[<prev] [next>] [<thread-prev] [thread-next>] [day] [month] [year] [list]
Message-ID: <20250917072242.674528-2-zhaofuyu@vivo.com>
Date: Wed, 17 Sep 2025 15:22:40 +0800
From: Fuyu Zhao <zhaofuyu@...o.com>
To: ast@...nel.org,
daniel@...earbox.net,
andrii@...nel.org,
martin.lau@...ux.dev,
song@...nel.org,
yonghong.song@...ux.dev,
haoluo@...gle.com,
jolsa@...nel.org,
eddyz87@...il.com,
kpsingh@...nel.org,
sdf@...ichev.me,
rostedt@...dmis.org,
mhiramat@...nel.org,
mathieu.desnoyers@...icios.com,
shuah@...nel.org,
willemb@...gle.com,
kerneljasonxing@...il.com,
paul.chaignon@...il.com,
chen.dylane@...ux.dev,
memxor@...il.com,
martin.kelly@...wdstrike.com,
zhaofuyu@...o.com,
ameryhung@...il.com,
linux-kernel@...r.kernel.org,
bpf@...r.kernel.org,
linux-trace-kernel@...r.kernel.org,
linux-kselftest@...r.kernel.org
Cc: yikai.lin@...o.com
Subject: [RFC PATCH bpf-next v1 1/3] bpf: Introduce BPF_PROG_TYPE_RAW_TRACEPOINT_OVERRIDE
This patch introduces a new program type -- BPF_PROG_TYPE_RAW_TRACEPOINT_OVERRIDE.

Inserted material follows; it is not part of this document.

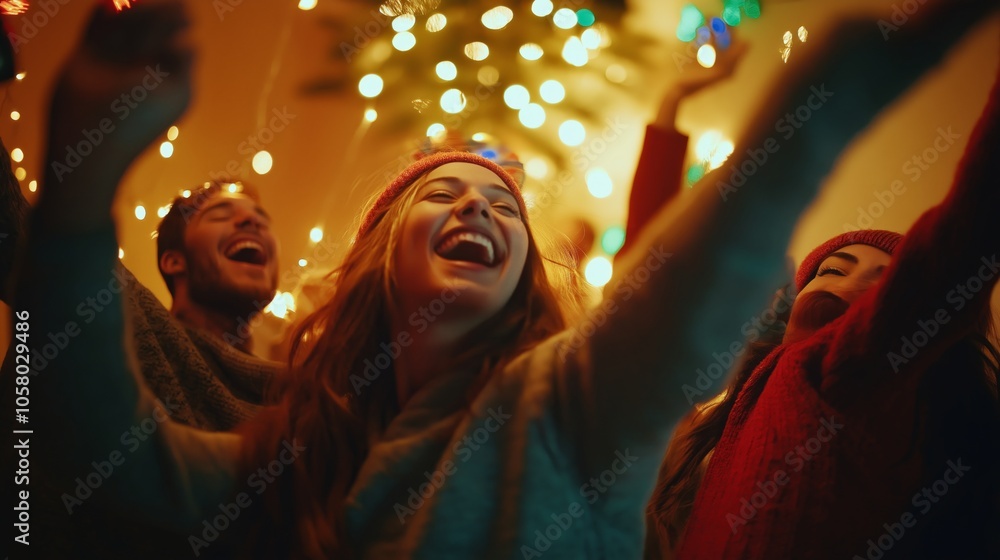 Joyful Moments: Friends Celebrating Under Festive Lights Joyful Moments: Friends Celebrating Under Festive Lights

Program of this type requires an additional parameter -- probe_name, to locate
the target tracepoint probe function registered by register_trace_* in the kernel.
This type reuses existing RAW_TRACEPOINT infrastructure, and differs
only when probe_name is specified. In that case, the newly attached
RAW_TRACEPOINT_OVERRIDE program and the target probe function are paired
and stored in a snapshot.
When the BPF program is detached, snapshots are consulted to determine
whether restoration of the original probe function is required.
Signed-off-by: Fuyu Zhao <zhaofuyu@...o.com>
---
include/linux/bpf_types.h | 2 +
include/linux/trace_events.h | 9 ++
include/linux/tracepoint-defs.h | 6 +
include/linux/tracepoint.h | 3 +
include/uapi/linux/bpf.h | 2 +
kernel/bpf/syscall.c | 35 ++++--
kernel/trace/bpf_trace.c | 31 ++++++
kernel/tracepoint.c | 190 +++++++++++++++++++++++++++++++-
8 files changed, 269 insertions(+), 9 deletions(-)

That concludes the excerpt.